I want to connect to my desktop from my laptop through internet without downloading any additional softwares from the Internet. How can I acheive that ?

I would be very thankfull to you if you could sort this out for me.

cheerz
Ozone25


----------



## JohnWill (Oct 19, 2002)

What version of Windows on each machine? Be specific, like XP-Home, XP-Pro, as well as the patch level, SP1, SP2, etc. Also, where to you want to connect, what kind of network is at each end? Corporate network, home network, what kind of routers, modems, firewalls, etc.


----------



## ScottProdigy (May 3, 2007)

Check out www.logmein.com; they have free and pay versions that achieve different things; if you can stand to download a small piece of freeware called RealVNC, that would do just about the same thing as LogMeInFree.


----------



## ozone25 (Sep 6, 2007)

Windows XP pro and patch level sp1. I want to connect to my home desktop through a laptop over internet. Its a DLink router.


----------



## JohnWill (Oct 19, 2002)

I use UltraVNC for such tasks, but you can use Remote Desktop if both computers are XP-Pro.


----------



## ozone25 (Sep 6, 2007)

could you give me the steps of how to to remotely connect to my desktop from laptop through internet.

Thank You for your help 
Regards
Ozone25


----------



## TerryNet (Mar 23, 2005)

"could you give me the steps of how to to remotely connect to my desktop from laptop through internet."

Start - Help and Support - type "Remote Desktop" into the search bar and hit the Enter key. Read however many of the 30 some articles you need.

Remember to do the needed port forwarding on the router.


----------



## Bob Cerelli (Nov 3, 2002)

ozone25 said:


> I want to connect to my desktop from my laptop through internet without downloading any additional softwares from the Internet.


Since you have XP Pro, you don't need any additional software.

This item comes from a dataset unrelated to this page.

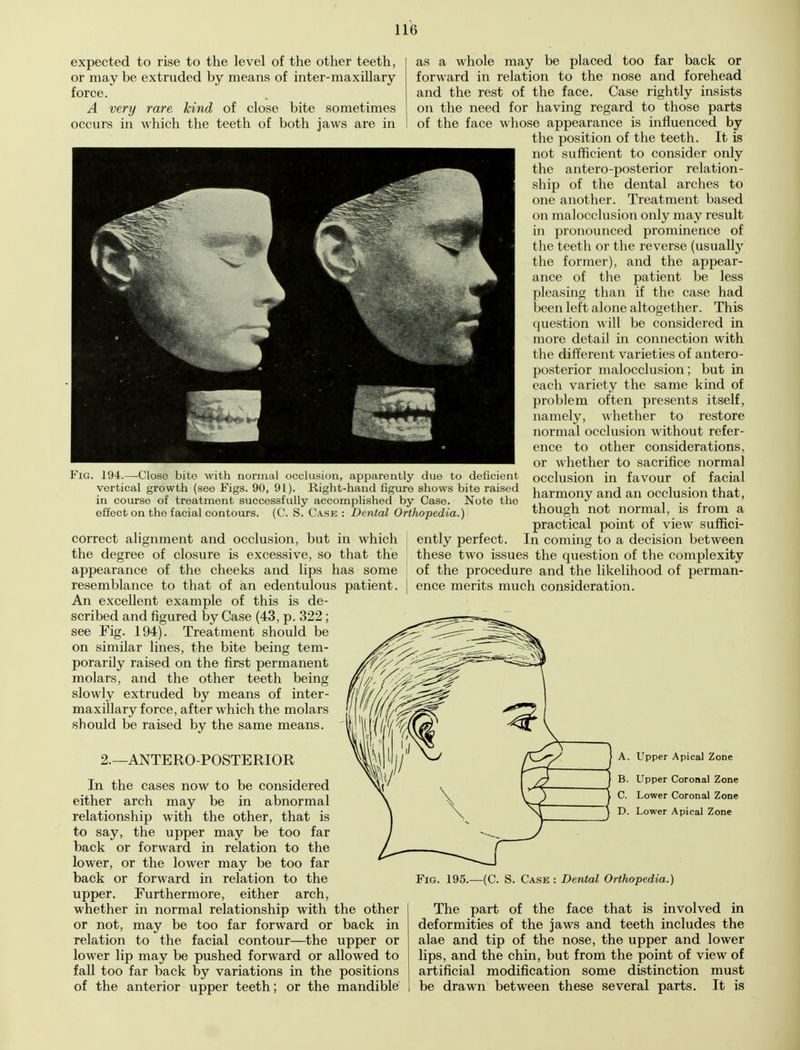 expected to rise to the level of the other teeth, or may be extruded by means of inter-maxillary force. A very rare kind of close bite sometimes occurs in which the teeth of both jaws are in Fig. 194.—-Close bite with normal occlusion, apparently due to deficient vertical growth (see Figs. 90, 91). Right-hand figure shows bite raised in course of treatment successfully accomplished by Case. Note the effect on tho facial contours. (C. S. Case : Dental Orthopedia.) correct alignment and occlusion, but in which the degree of closure is excessive, so that the appearance of the cheeks and lips has some resemblance to that of an edentulous patient. An excellent example of this is de- scribed and figured by Case (43, p. 322; see Fig. 194). Treatment should be on similar lines, the bite being tem- porarily raised on the first permanent molars, and the other teeth being slowly extruded by means of inter- maxillary force, after which the molars should be raised by the same means. 2.—ANTEROPOSTERIOR In the cases now to be considered either arch may be in abnormal relationship with the other, that is to say, the upper may be too far back or forward in relation to the lower, or the lower may be too far back or forward in relation to the upper. Furthermore, either arch, whether in normal relationship with the other or not, may be too far forward or back in relation to the facial contour—the upper or lower lip may be pushed forward or allowed to fall too far back by variations in the positions of the anterior upper teeth ; or the mandible as a whole may be placed too far back or forward in relation to the nose and forehead and the rest of the face. Case rightly insists on the need for having regard to those parts of the face whose appearance is influenced by the position of the teeth. It is not sufficient to consider only the antero-posterior relation- ship of the dental arches to one another. Treatment based on malocclusion only may result in pronounced prominence of the teeth or the reverse (usually the former), and the appear- ance of the patient be less pleasing than if the case had been left alone altogether. This question will be considered in more detail in connection with the different varieties of antero- posterior malocclusion; but in each variety the same kind of problem often presents itself, namely, whether to restore normal occlusion without refer- ence to other considerations, or whether to sacrifice normal occlusion in favour of facial harmony and an occlusion that, though not normal, is from a practical point of view suffici- ently perfect. In coming to a decision between these two issues the question of the complexity of the procedure and the likelihood of perman- ence merits much consideration. A. Upper Apical Zone B. Upper Coronal Zone C. Lower Coronal Zone D. Lower Apical Zone Fig. 195.—(C. S. Case : Dental Orthopedia.) The part of the face that is involved in deformities of the jaws and teeth includes the alae and tip of the nose, the upper and lower lips, and the chin, but from the point of view of artificial modification some distinction must be drawn between these several parts. It is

To configure the computer as a Remote Desktop Host see:
http://www.onecomputerguy.com/networking/xp_remote_desktop_host.htm

To configure a Remote Desktop Client to connect to it, see:
http://www.onecomputerguy.com/networking/xp_remote_desktop_client.htm


----------



## zarola (Sep 7, 2007)

If you have msn messenger on both pcs, it comes with a remote desktop setting thing. All you do is go to actions and request help from your other account. All you need are two msn accounts, and msn live on both pcs. 

IMO that would be the best option if it was a one time thing. If you would like to do it more then once, use the xp remote desktop connection utility. The guy above me posted some good links.


----------



## Bob Cerelli (Nov 3, 2002)

Again you don't need that with Remote Desktop. You also don't need to have to put in a request that needs to be approved. Much more useful if there is no one on the remote computer.


----------